Image-caption web data
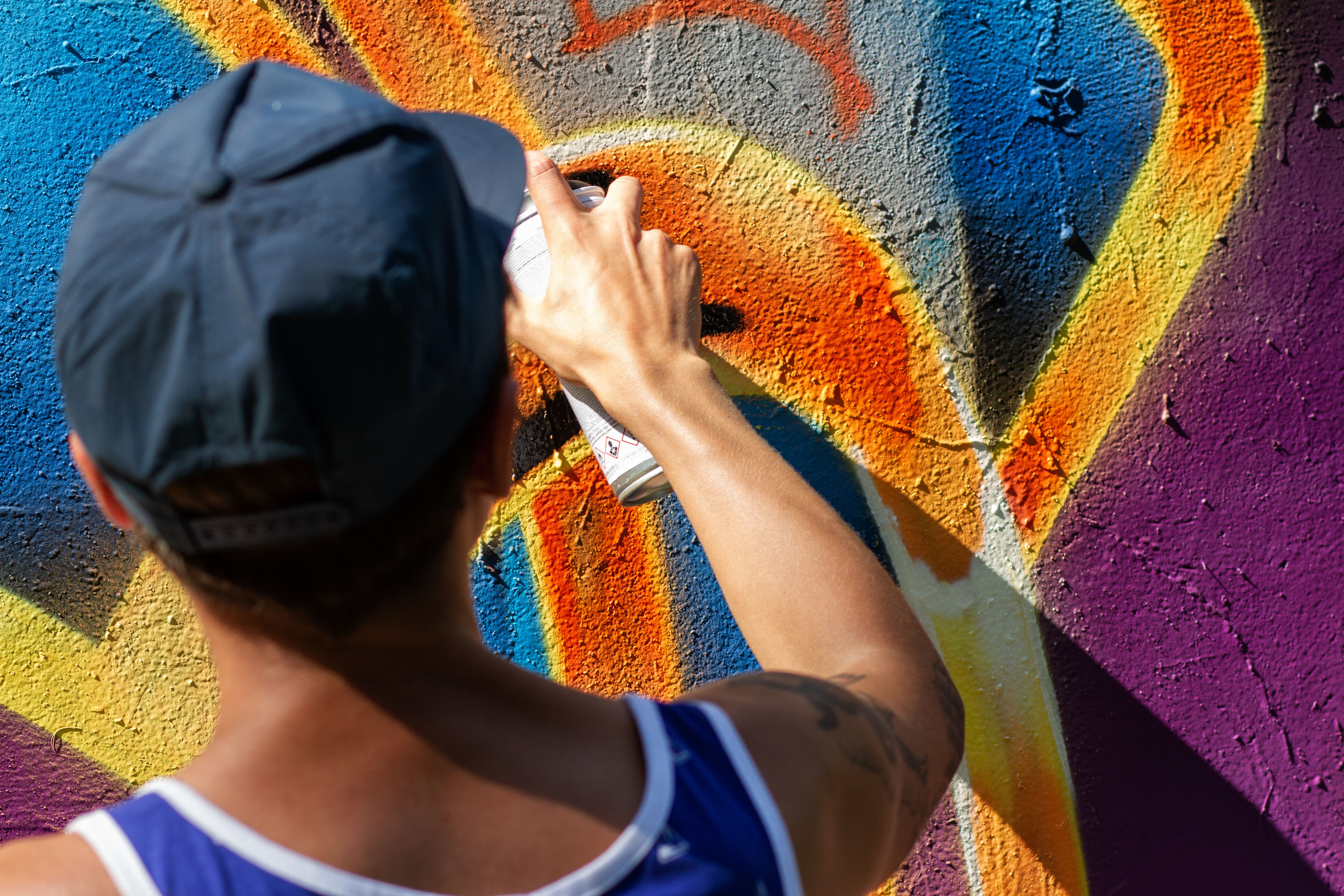 Workshopteilnehmer sprüht mit Cap und Dose ein buntes Graffiti auf eine Wand.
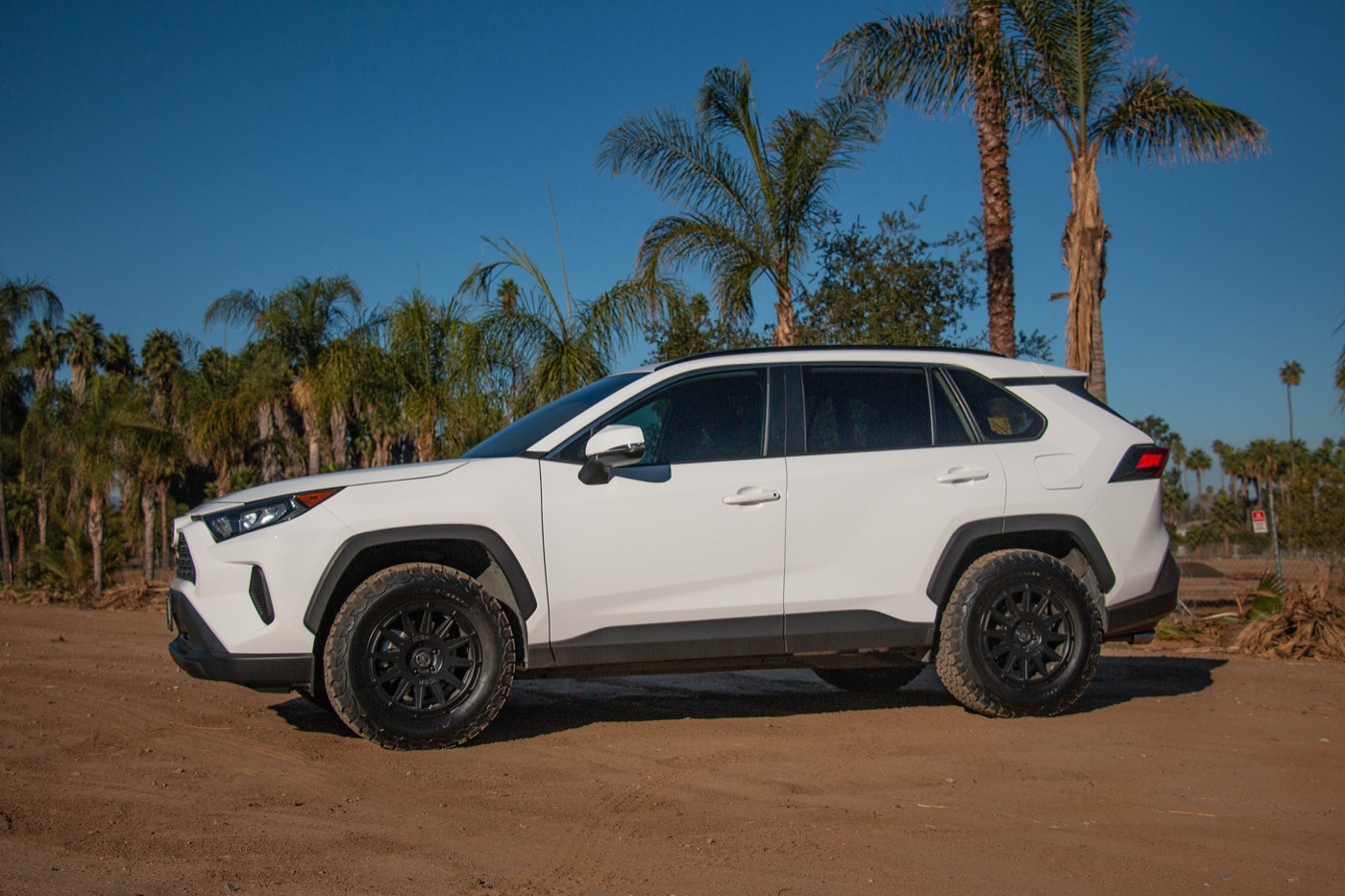A white 2019 RAV4 on satin black Icon Alloys Ricochet wheels and BFGoodrich KO2 tires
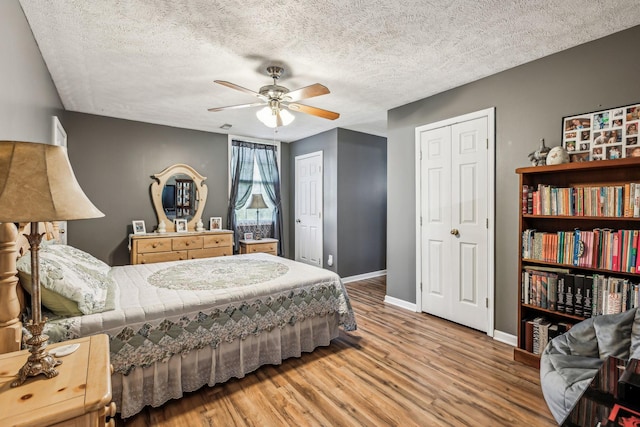bedroom featuring a textured ceiling, two closets, baseboards, wood finished floors, and a ceiling fan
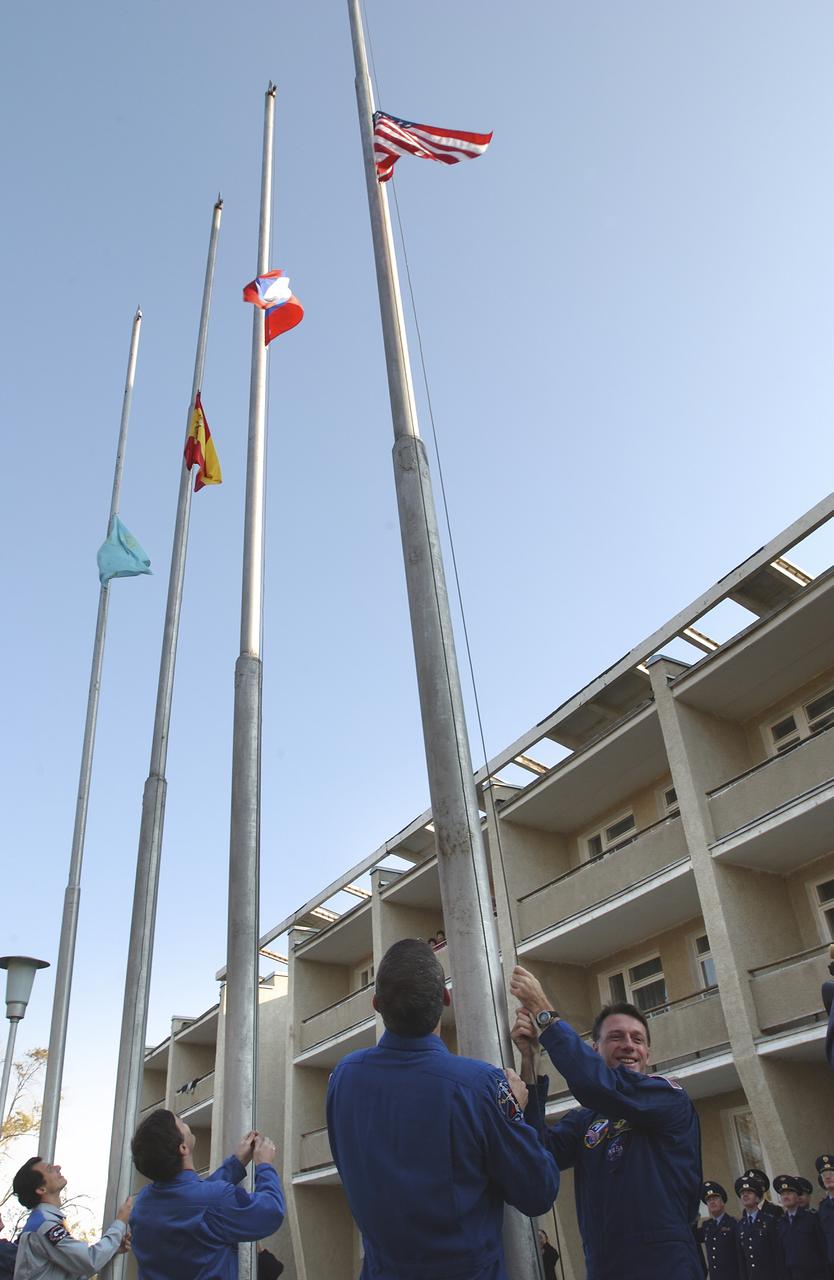 Expedition 8 Commander and NASA Science Officer Michael Foale, right, is joined by his backup, Bill McArthur outside the Cosmonaut Hotel Tuesday, Oct. 14, 2003, for the traditional raising of the flags of the crewmembers who will launch Saturday, Oct. 18 on the Soyuz TMA-3 vehicle to the International Space Station in Baikonur, Kazahstan. European Space Agency Astronaut Pedro Duque, far left, and Expedition 8 Soyuz Commander Alexander Kaleri who will launch with Foale, raise the flags of Spain and Russia outside their hotel. Photo Credit (NASA/Bill Ingalls)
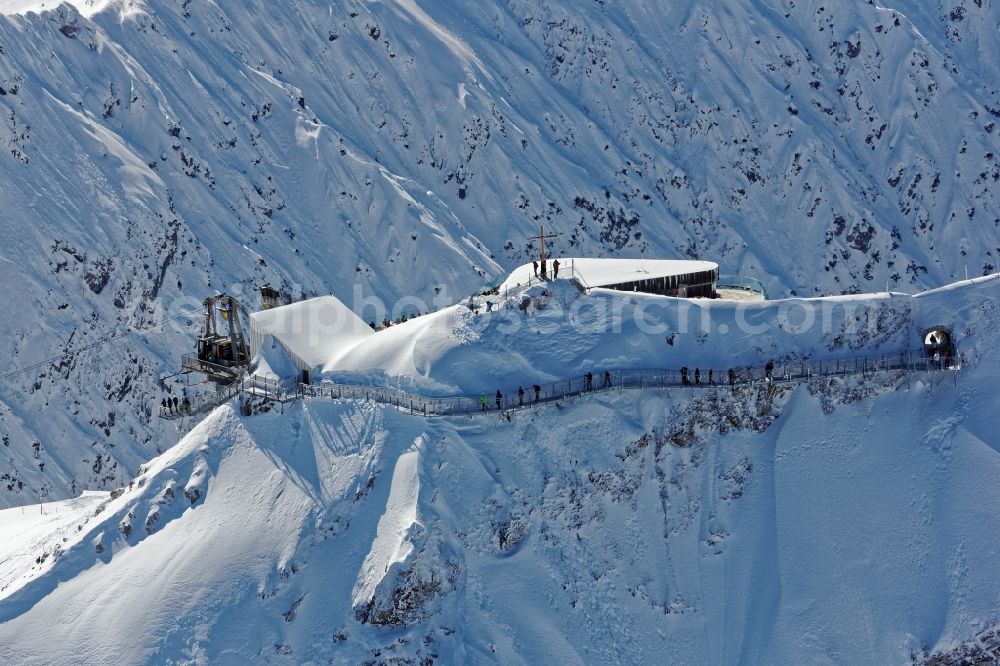 Aerial photograph Oberstdorf - Wintry snowy The newly opened peak station of the Nebelhornbahn in Oberstdorf in the state of Bavaria. The summit restaurant was designed by architect Hermann Kaufmann. Guests can walk around the summit via the Nordwandsteig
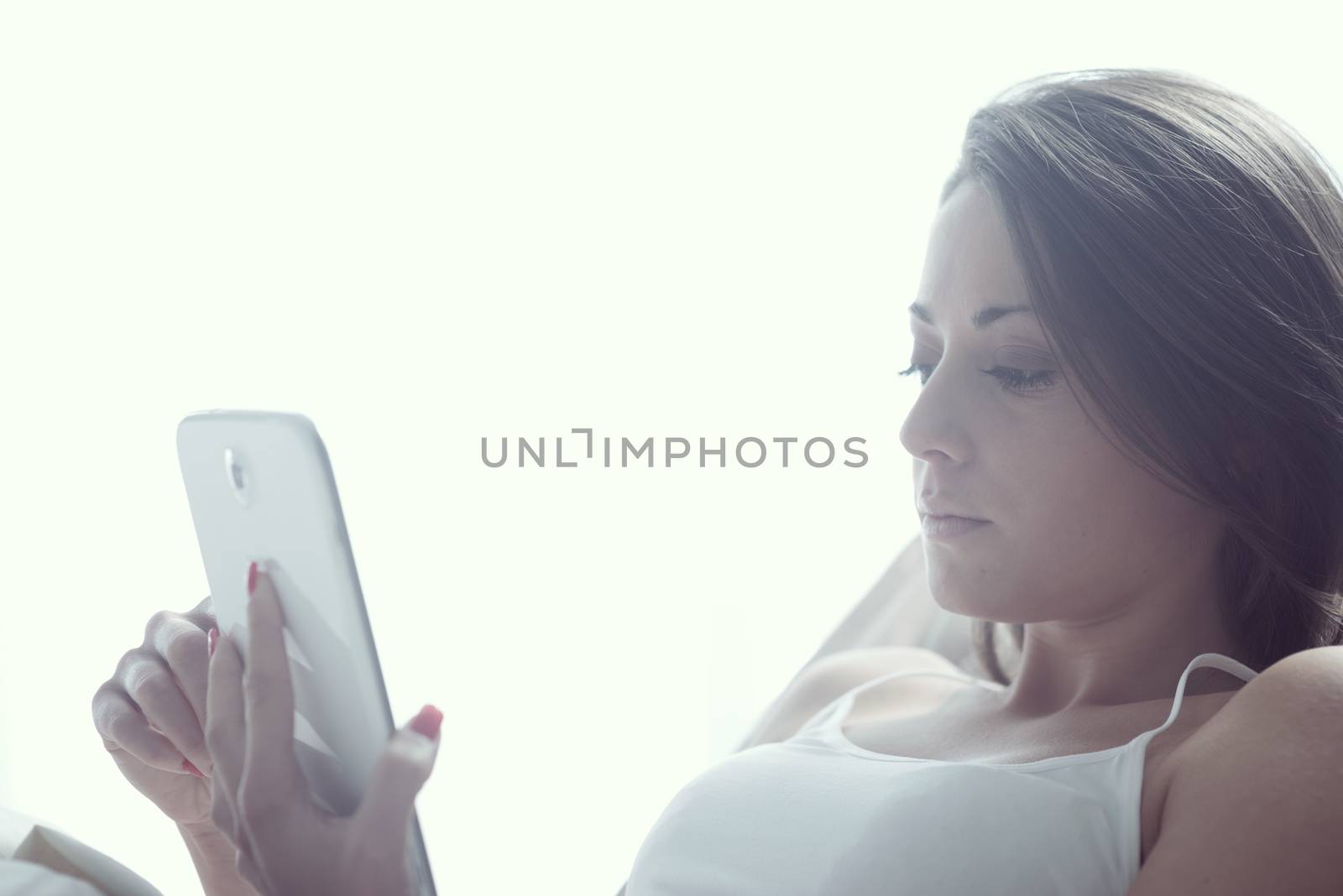 An attractive young female lying on her bed using a tablet 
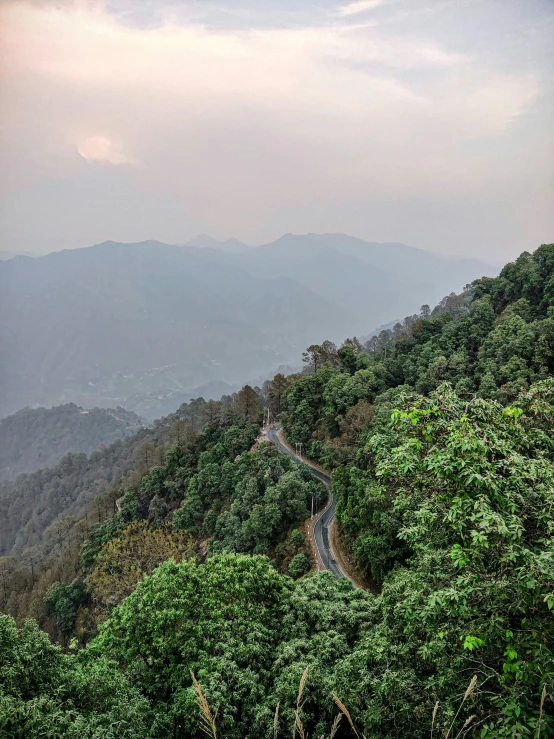 a road is shown going up the side of a mountain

Exercise description - Exact text is required for the lines from the one with "Aerial photograph Oberstdorf" through the last line of the entries, both included. Omit pictures.

Problem solution -
 Aerial photograph Oberstdorf - Wintry snowy The newly opened peak station of the Nebelhornbahn in Oberstdorf in the state of Bavaria. The summit restaurant was designed by architect Hermann Kaufmann. Guests can walk around the summit via the Nordwandsteig
 An attractive young female lying on her bed using a tablet 
 a road is shown going up the side of a mountain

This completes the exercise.